Załóżmy, że Lech nie zlami w Holandii i wygrają te 2:0. Wtedy ma 5 punktów i stosunek bramek 6-5. Więc przy remisie Deportivo 0:0, 1:1 i 2:2 nasi awansują. Przy 3:3 już awansują Hiszpanie, bo więcej bramek strzelą. Tylko Lech ciągle musi wygrać w Holandii. Ja wiem, że tabela pokazuje, że są na to duże szanse. Tyle, że Lech gra na musiku, Feyenord nie musi nic. Nigdy się nie gra dobrze pod ciśnieniem.

Udostępnij ten post


Link to postu
Udostępnij na innych stronach

Ajaj co to był za mecz. Strasznie szkoda tej nieskuteczności Lecha w polu karnym Deportivo. Na pewno dużą rolę odegrała wyśmienita forma bramkarza rywala. Jednak jak widać z poprzednich spotkań Lecha takie okazje powinni wykorzystywać. Jeszcze rozumiem pudło Arboledy (i tak piękna asysta wiele mu wybacza), ale kilka genialnych sytuacji Stilicia (nie mówię tylko o strzałach z dystansu) gdy okazywało się, że albo za słabo, albo za wolno, czy Rengifo pozostawiało ogromny niedosyt. Nic dziwnego, że trener aż skakał ze złości. W końcówce gospodarze zdecydowanie byli zmęczeni tempem gry, szkoda, że Smuda nie przeprowadził szybciej zmian. Co do szans to uważam, że Lech ma je naprawdę duże. Wygrana z Feyenoordem nie powinna być aż tak trudna, nawet kilkubramkowa.

Udostępnij ten post


Link to postu
Udostępnij na innych stronach

Wiesz, wygrana ze Słowacją w październiku też miała nie być trudna. No przecież wcześniej wygraliśmy z Czechami. Pamiętamy, jak się skończyło. Nasi mieli wygrać z Austrią na ME. Pamiętamy, jak się skończyło. Ba, Wisła miała sklepać Tottenham, bo ten wtedy lolił i całe Premiere League się z nich śmiało, że miliony na transfery poszły, a wyniki tragiczne. Pamiętamy, jak się skończyło. Powtarzam - Lech MUSI wygrać w Holandii. Feyenord nie musi nic. Cieszmy się, że CSKA grała dziś do końca, bo jakby przy 3:3 odpuścili to dopiero by było. Zdecydowanie wolę się miło rozczarować awansem Lecha jak nastawić na awans i po raz n-ty zostać sprowadzonym na ziemię.

Udostępnij ten post


Link to postu
Udostępnij na innych stronach

Witam oglądałem mecz Lecha i jestem rozczarowany pozytywnie bo graliśmy bardzo dobrze mieliśmy duzo okazji i tak naprawdę to bramkazr i kwestia szczęścia uratowały hiszpanów.Zawiodłem sie Turinom który naprawde słabo bronił a ten strzał z pierwszej minuty spokojnie mógł obronić gdyby byl dobrze ustawiony.
No i ta akcja Wilka będzie mi sie śnic po nocach.
Nadzieje będe miał na to że to Nancy się zmobilizuje i pokona Deportivo bo powiem szczerze że Lech jeszcze nie rozegrał meczu bez straty bramki a jeszcze ma zwycięzyć to juz w ogóle było by raczej cięzkie ale trzymam kcuki za mój klub i wierzę że wyjdziemy pierwsi z fazy grupowej z polskich druzyn klubowych.

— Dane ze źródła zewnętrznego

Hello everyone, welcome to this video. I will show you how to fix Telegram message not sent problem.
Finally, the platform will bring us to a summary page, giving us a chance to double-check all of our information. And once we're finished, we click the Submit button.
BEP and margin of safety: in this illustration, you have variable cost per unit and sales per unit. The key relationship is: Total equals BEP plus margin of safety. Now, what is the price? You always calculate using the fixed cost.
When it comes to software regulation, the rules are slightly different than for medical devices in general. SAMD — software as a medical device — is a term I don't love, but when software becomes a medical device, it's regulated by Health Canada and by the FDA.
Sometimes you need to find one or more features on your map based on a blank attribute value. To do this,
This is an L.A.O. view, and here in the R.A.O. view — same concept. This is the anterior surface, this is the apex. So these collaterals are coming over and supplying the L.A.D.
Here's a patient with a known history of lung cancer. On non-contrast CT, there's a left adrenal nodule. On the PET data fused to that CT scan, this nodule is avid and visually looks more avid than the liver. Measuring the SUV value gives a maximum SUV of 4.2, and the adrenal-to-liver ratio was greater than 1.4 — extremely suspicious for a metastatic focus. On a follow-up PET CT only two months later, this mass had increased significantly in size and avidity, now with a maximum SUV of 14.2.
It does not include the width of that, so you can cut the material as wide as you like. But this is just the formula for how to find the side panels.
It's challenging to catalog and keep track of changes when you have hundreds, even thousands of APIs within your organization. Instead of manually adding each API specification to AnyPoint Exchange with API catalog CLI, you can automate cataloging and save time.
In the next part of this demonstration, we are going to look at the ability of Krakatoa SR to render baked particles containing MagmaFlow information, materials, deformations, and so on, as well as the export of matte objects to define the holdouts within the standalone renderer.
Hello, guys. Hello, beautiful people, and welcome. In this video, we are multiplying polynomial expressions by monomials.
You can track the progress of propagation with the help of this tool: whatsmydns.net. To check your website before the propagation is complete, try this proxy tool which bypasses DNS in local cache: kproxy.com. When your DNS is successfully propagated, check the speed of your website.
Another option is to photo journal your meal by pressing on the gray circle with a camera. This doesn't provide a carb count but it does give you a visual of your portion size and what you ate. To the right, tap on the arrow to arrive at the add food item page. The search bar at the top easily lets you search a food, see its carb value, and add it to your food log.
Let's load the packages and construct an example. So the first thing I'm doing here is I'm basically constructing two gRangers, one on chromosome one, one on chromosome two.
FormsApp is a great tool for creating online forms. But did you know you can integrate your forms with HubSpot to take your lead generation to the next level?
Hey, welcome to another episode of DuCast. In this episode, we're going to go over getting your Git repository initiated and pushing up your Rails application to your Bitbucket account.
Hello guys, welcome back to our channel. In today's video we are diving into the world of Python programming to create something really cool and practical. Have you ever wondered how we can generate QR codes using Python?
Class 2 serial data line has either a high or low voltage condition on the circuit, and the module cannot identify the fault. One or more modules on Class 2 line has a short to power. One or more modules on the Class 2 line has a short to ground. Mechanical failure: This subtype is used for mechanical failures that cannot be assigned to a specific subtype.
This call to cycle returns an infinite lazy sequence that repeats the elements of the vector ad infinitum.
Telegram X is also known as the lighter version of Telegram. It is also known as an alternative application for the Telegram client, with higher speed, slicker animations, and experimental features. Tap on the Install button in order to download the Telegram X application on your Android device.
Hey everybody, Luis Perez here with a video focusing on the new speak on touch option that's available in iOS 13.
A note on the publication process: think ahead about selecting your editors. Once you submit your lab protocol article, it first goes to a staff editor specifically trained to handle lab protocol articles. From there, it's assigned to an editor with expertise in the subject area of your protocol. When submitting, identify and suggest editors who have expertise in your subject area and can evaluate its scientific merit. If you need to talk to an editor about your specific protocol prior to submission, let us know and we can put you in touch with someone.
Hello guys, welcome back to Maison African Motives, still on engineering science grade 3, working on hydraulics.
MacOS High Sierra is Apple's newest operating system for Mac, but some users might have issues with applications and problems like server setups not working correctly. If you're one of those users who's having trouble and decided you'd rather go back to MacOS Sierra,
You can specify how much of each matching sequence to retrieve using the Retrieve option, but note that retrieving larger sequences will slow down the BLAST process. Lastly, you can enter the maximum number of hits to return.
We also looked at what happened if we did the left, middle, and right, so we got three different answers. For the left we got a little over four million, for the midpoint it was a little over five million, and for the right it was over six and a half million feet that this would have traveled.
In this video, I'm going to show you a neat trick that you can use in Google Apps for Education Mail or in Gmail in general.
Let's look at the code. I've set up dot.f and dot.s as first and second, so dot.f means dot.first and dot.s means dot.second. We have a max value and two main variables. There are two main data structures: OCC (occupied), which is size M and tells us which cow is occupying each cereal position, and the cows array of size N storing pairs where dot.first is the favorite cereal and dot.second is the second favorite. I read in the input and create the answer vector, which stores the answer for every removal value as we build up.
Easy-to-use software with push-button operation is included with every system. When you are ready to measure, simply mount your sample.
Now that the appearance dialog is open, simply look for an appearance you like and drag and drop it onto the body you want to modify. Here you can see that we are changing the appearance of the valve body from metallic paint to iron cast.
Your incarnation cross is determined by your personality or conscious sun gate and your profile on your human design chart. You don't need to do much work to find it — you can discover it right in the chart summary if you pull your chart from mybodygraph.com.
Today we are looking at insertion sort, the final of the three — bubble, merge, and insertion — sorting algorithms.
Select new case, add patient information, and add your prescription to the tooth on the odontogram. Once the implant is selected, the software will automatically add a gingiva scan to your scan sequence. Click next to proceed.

Interesuje mnie jeszcze sobotni mecz Valenci Cf z Fc Barcelona obie druzyny są na fali wznoszącej jednak mam wrażenie że piłkarze Emry prezentują wyzszy poziom od podopiecznych Guardioli.

Udostępnij ten post


Link to postu
Udostępnij na innych stronach

A ja właśnie wróciłem z meczu FC Kopenhaga - Rosenborg Trondheim. I jedyne co mogę powiedzieć to... więcej w grudniu na mecz nie idę, a przynajmniej nie na tej szerokości geograficznej. Zimno, wiało, deszcza padał i mimo krytej trybuny i tak na głowę porządnie kapało, bo dach przeciekał. Mecz był ciekawy może przez pierwsze 20-25 minut do momentu aż Norwegowie strzelili gola. Potem niemal do końca wiało nudą i piłkarze obu drużyn sobie biegali tak jakby ich wynik zadowalał. Ciekawie znów zrobiło się dopiero w samej końcówce, gdy Duńczykom udało się wyrównać po rzucie rożnym. Dynamiczne akcje przeprowadzały na zmianę obie drużyny, ale niestety więcej goli nie padło.

Udostępnij ten post


Link to postu
Udostępnij na innych stronach

szkooooda lecha. paradoksalnie dziś zawaliła najmocniejsza strona zespołu - atak. nie można pozwolić sobie na tak rażącą nieskuteczność. jakoś wejście Lewandowskiego istotnie nie wzmocniło drużyny. raczej wielkich szans na awans nie widzę. niemniej lech jest w tej chwili jedynym polskim klubem, którego występów na europejskich boiskach nie musimy się wstydzić.

Udostępnij ten post


Link to postu
Udostępnij na innych stronach
Dnia 04.12.2008 o 23:20, buraczek18 napisał:

Interesuje mnie jeszcze sobotni mecz Valenci Cf z Fc Barcelona obie druzyny są na fali
wznoszącej jednak mam wrażenie że piłkarze Emry prezentują wyzszy poziom od podopiecznych
Guardioli.


Tylko Barca gra u siebie. Druga sprawa: Valencia będzie podmęczona dzisiejszą grą w pucharach, Barca w tygodniu nie grała niczego. Mecz zapewne będzie ciekawy.

Udostępnij ten post


Link to postu
Udostępnij na innych stronach
Dnia 04.12.2008 o 22:52, Bambusek napisał:

Deportivo układa się na 3:3 z Nancy i już Lech musi wygrać 3 bramkami.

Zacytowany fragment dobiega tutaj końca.